La piel Bioengineered se cultiva a menudo usando las células tomadas de los prepucios de los recién nacidos. Sin embargo, las células jóvenes vigorosas pueden estimular el área dañada tanto que requiere más energía de la que puede suministrar, dice Falanga. Este tipo de piel que depende de las células adultas menos activas en realidad podría ser más eficaz para ayudar a curar heridas.

Sustitutos de la piel no funcionan como la cosa real. El año pasado, sin embargo, los investigadores en Japón informaron que habían crecido la piel del ratón realista de las células madre y trasplantado con éxito a otros roedores. Anteriormente, cuando los científicos crecían la piel de las células madre, sólo lograron hacer láminas de células que emulaban la capa más externa de la piel. Pero la nueva piel recreó las tres capas encontradas en la piel, así como gozando de los folículos del pelo y de las glándulas sebaceas (que hacen una secreción grasa para lubricar la piel).
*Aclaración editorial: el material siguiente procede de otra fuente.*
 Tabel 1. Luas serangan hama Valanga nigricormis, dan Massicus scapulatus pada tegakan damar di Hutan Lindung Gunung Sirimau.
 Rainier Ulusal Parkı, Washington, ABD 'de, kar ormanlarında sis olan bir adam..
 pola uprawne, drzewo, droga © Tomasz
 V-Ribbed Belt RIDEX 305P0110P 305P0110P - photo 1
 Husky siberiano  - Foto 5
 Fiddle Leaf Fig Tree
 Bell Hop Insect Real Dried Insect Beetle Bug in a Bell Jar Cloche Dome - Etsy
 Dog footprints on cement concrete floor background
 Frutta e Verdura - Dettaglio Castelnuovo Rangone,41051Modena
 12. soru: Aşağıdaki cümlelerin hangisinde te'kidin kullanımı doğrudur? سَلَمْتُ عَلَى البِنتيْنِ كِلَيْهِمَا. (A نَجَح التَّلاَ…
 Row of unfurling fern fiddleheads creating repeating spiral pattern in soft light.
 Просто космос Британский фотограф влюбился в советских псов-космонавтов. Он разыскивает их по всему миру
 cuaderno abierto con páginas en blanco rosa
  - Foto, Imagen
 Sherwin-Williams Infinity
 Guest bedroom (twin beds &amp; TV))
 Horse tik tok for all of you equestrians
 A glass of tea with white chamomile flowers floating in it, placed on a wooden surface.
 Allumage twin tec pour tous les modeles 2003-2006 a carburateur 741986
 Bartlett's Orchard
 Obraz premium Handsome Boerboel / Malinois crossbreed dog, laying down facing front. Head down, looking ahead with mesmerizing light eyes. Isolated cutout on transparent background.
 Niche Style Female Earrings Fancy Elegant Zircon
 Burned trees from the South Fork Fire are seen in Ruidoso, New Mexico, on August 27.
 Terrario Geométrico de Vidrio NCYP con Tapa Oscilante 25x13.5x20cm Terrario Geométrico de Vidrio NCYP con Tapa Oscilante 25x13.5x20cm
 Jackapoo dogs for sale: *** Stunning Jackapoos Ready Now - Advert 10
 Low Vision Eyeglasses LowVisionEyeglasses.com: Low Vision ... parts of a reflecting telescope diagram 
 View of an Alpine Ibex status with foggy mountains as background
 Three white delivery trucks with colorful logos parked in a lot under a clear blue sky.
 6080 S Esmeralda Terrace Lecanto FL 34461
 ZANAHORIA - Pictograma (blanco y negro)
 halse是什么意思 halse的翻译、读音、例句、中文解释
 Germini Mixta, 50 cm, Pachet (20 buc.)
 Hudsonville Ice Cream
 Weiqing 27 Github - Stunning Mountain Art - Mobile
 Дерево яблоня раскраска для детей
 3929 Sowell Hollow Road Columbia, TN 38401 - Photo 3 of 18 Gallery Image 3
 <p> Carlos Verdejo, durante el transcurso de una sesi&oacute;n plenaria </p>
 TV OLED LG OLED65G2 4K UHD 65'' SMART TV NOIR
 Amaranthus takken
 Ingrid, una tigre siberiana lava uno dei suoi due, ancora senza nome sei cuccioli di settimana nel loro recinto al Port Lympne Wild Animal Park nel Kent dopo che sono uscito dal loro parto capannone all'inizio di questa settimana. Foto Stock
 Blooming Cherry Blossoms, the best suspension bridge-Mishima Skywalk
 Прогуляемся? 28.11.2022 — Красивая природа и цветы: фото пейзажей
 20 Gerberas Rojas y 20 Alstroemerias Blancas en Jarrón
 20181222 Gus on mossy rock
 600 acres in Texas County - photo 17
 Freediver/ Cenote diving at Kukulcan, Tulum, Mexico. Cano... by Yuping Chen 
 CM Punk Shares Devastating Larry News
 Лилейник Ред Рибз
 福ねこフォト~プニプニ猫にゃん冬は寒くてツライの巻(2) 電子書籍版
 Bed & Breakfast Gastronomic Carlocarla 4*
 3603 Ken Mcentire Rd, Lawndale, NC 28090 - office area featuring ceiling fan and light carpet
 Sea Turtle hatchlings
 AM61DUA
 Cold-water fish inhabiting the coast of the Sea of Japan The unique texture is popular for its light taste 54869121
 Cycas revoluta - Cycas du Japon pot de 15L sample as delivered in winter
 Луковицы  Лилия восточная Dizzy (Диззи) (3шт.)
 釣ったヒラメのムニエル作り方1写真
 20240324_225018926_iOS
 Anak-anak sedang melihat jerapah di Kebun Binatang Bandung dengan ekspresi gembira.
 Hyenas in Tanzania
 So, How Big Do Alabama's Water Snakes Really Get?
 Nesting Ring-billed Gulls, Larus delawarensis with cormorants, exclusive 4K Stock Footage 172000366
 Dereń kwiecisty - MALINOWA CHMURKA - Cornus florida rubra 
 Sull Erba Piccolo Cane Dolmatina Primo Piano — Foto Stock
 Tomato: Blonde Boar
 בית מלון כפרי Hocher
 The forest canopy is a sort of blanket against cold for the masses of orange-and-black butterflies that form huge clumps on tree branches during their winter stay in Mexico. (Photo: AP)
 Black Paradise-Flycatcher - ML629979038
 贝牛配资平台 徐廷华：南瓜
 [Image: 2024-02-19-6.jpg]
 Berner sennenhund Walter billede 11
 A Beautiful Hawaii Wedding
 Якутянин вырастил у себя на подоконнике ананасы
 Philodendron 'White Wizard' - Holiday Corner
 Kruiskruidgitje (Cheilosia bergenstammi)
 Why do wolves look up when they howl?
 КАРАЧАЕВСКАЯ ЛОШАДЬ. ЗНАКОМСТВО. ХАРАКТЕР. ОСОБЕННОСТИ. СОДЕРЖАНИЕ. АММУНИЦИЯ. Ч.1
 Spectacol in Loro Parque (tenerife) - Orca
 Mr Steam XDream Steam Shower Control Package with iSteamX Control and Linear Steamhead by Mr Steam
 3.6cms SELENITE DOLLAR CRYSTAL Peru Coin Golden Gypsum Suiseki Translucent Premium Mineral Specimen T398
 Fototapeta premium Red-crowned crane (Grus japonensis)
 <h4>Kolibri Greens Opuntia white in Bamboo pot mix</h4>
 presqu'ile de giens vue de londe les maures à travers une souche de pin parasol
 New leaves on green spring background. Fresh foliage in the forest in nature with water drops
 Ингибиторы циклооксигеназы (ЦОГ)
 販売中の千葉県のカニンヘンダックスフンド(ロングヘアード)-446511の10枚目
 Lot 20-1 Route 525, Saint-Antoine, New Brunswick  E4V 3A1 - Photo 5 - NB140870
Falanga es escéptico de que este tipo de piel de ingeniería tendrá un buen desempeño en las heridas crónicas. “La gente en el campo de la bioingeniería, quieren reproducir lo que ya está en la naturaleza”, dice. “Queremos tener un producto que se parezca exactamente a la piel”. Sin embargo, las heridas persistentes carecen de suministro de sangre adecuado o tienen otros problemas que les impiden sanar. Por lo tanto, pueden ser incapaces de mantener una piel que funcione normalmente, con sus altas demandas de energía.

Sin embargo, el equipo en Japón espera que su piel cultivada en laboratorio eventualmente ayude a las personas con quemaduras, cicatrices o enfermedades de la piel como la alopecia. “Hasta ahora, el desarrollo de la piel artificial se ha visto obstaculizado por el hecho de que la piel carecía de  órganos importantes, como los folículos pilosos y las glándulas exocrinas”, dijo en un comunicado de prensa el coautor Takashi Tsuji, del Centro RIKEN para Biología del Desarrollo. Con esta nueva técnica, hemos crecido exitosamente la piel que replica la función del tejido normal. ”

La piel realista también aproxima a los científicos a su sueño de crecer órganos enteros que pueden ser trasplantados en personas, dijo Tsuji.